* ACTIVITY *
Repeat verbatim each line from the line with "Courtney媽媽收到消息" to the end of the entries. Pictures do not belong in the copy.

* Crawled caption data *
━━━━━━━━━━━━━━━━━━━━━━━━━━━━━━

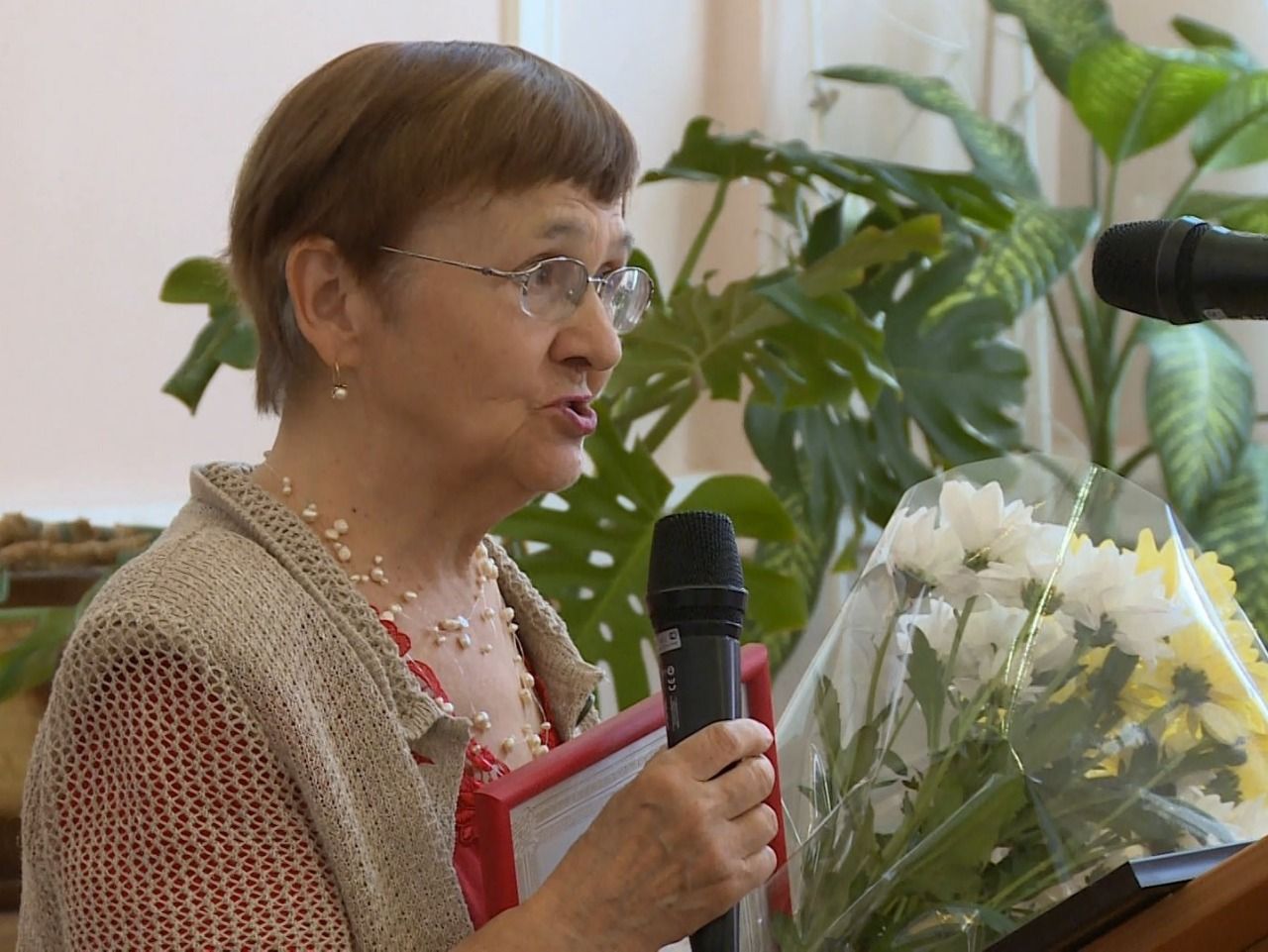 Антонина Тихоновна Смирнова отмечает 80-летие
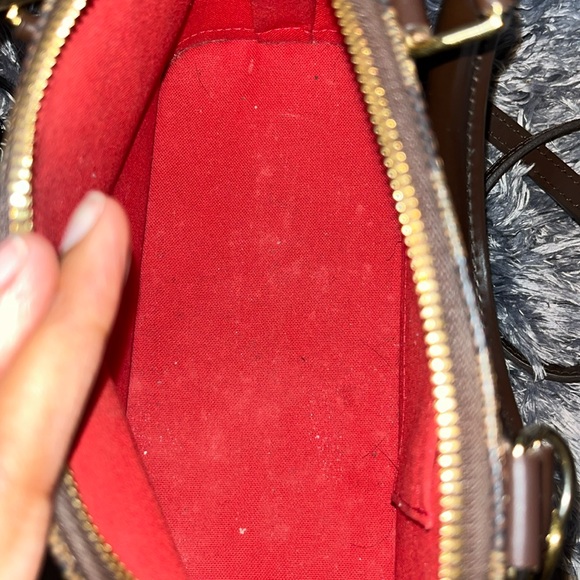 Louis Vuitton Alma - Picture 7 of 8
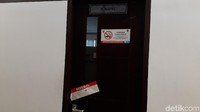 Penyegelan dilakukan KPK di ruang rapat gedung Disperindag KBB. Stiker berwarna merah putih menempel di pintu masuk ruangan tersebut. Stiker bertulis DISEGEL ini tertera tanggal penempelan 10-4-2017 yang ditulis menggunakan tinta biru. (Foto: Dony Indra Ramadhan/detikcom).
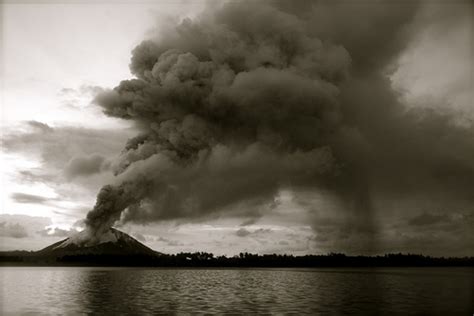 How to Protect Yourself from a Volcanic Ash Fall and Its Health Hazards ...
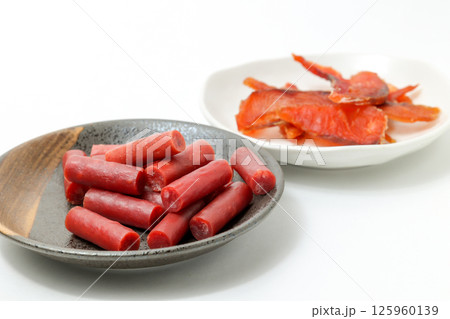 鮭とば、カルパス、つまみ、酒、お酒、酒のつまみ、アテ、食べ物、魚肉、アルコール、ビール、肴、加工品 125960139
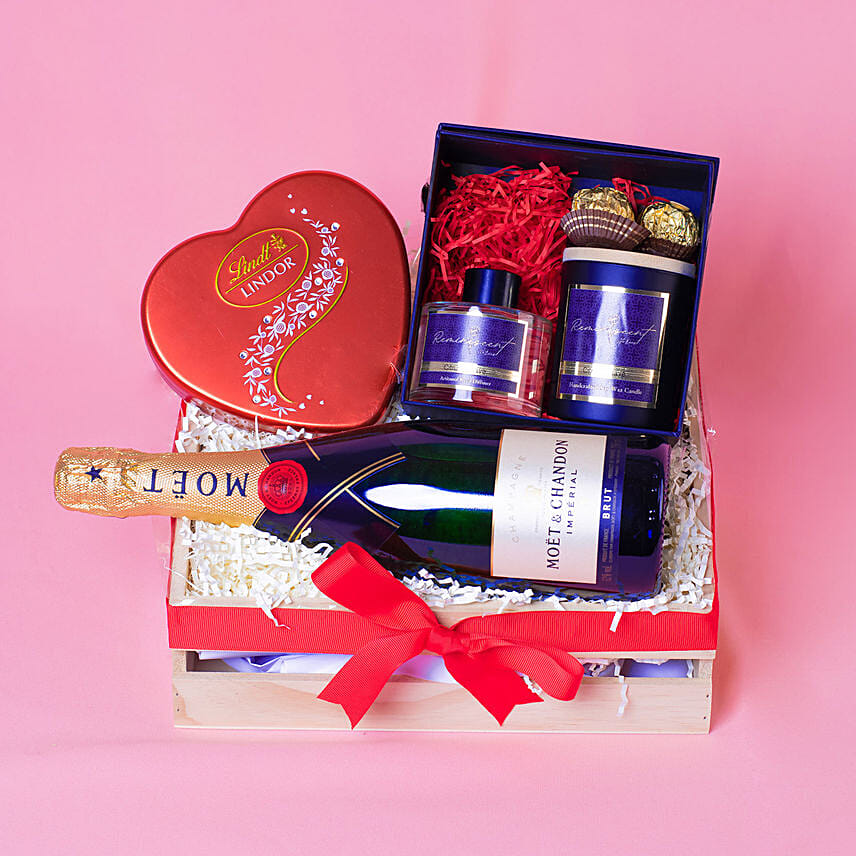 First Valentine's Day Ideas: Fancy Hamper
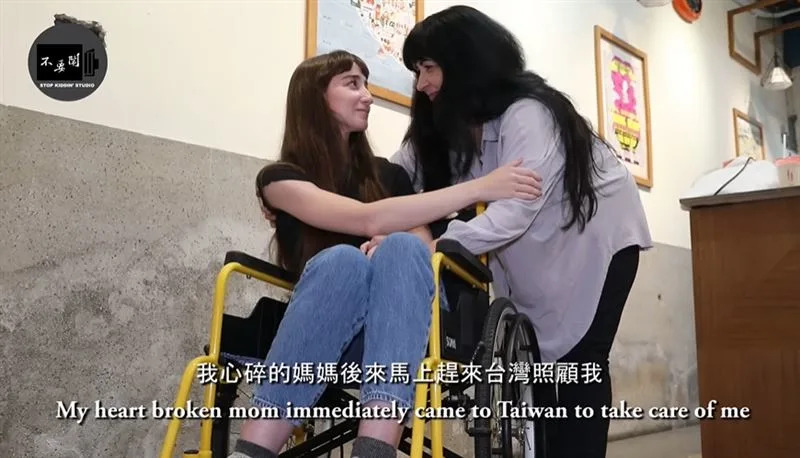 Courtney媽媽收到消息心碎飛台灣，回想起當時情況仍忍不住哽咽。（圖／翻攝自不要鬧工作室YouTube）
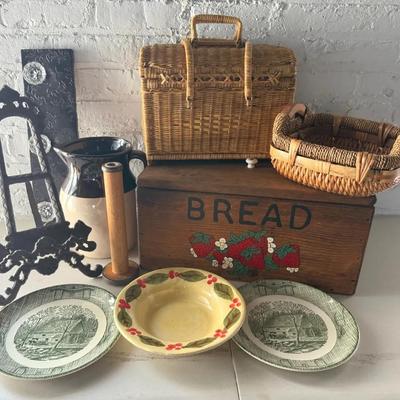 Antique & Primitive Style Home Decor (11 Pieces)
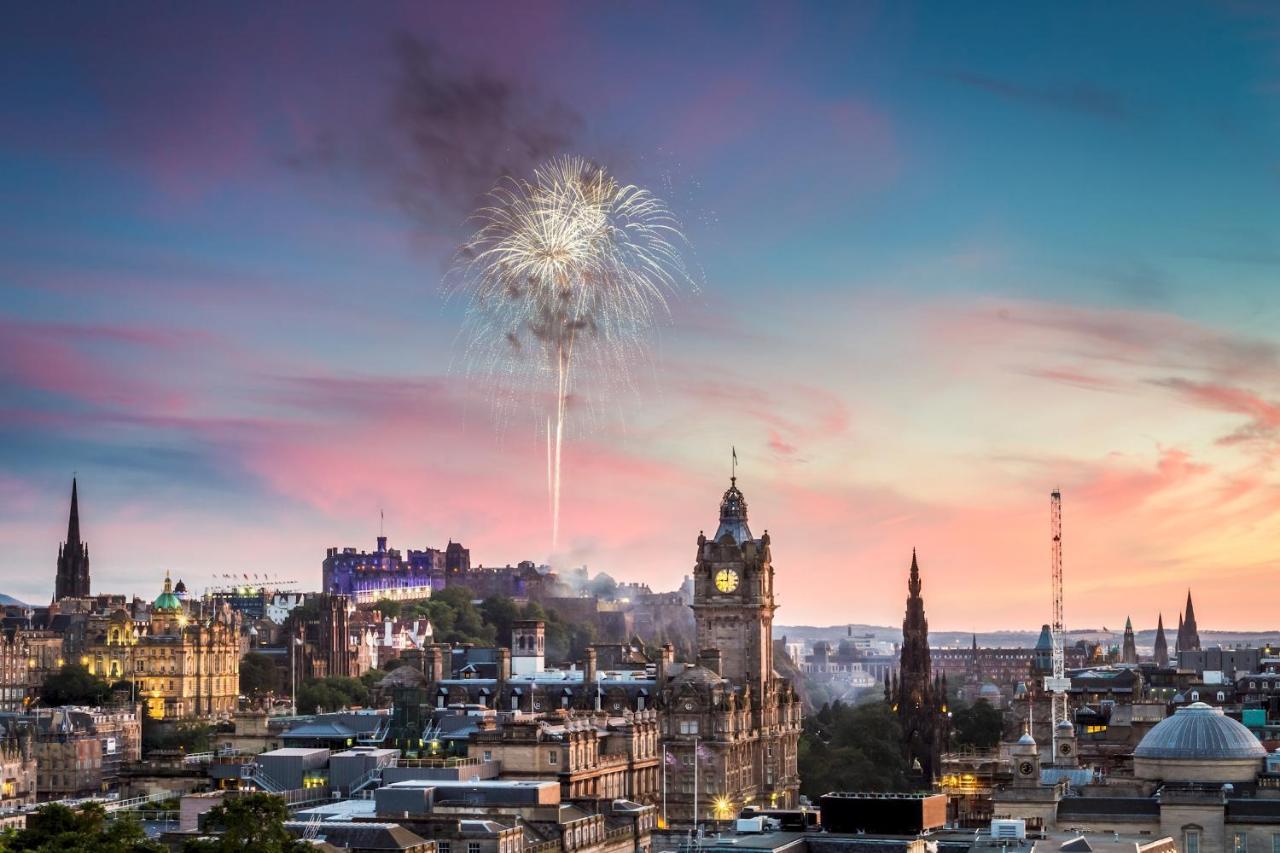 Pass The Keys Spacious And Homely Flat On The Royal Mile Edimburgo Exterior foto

━━━━━━━━━━━━━━━━━━━━━━━━━━━━━━

* RESULT *
 Courtney媽媽收到消息心碎飛台灣，回想起當時情況仍忍不住哽咽。（圖／翻攝自不要鬧工作室YouTube）
 Antique & Primitive Style Home Decor (11 Pieces)
 Pass The Keys Spacious And Homely Flat On The Royal Mile Edimburgo Exterior foto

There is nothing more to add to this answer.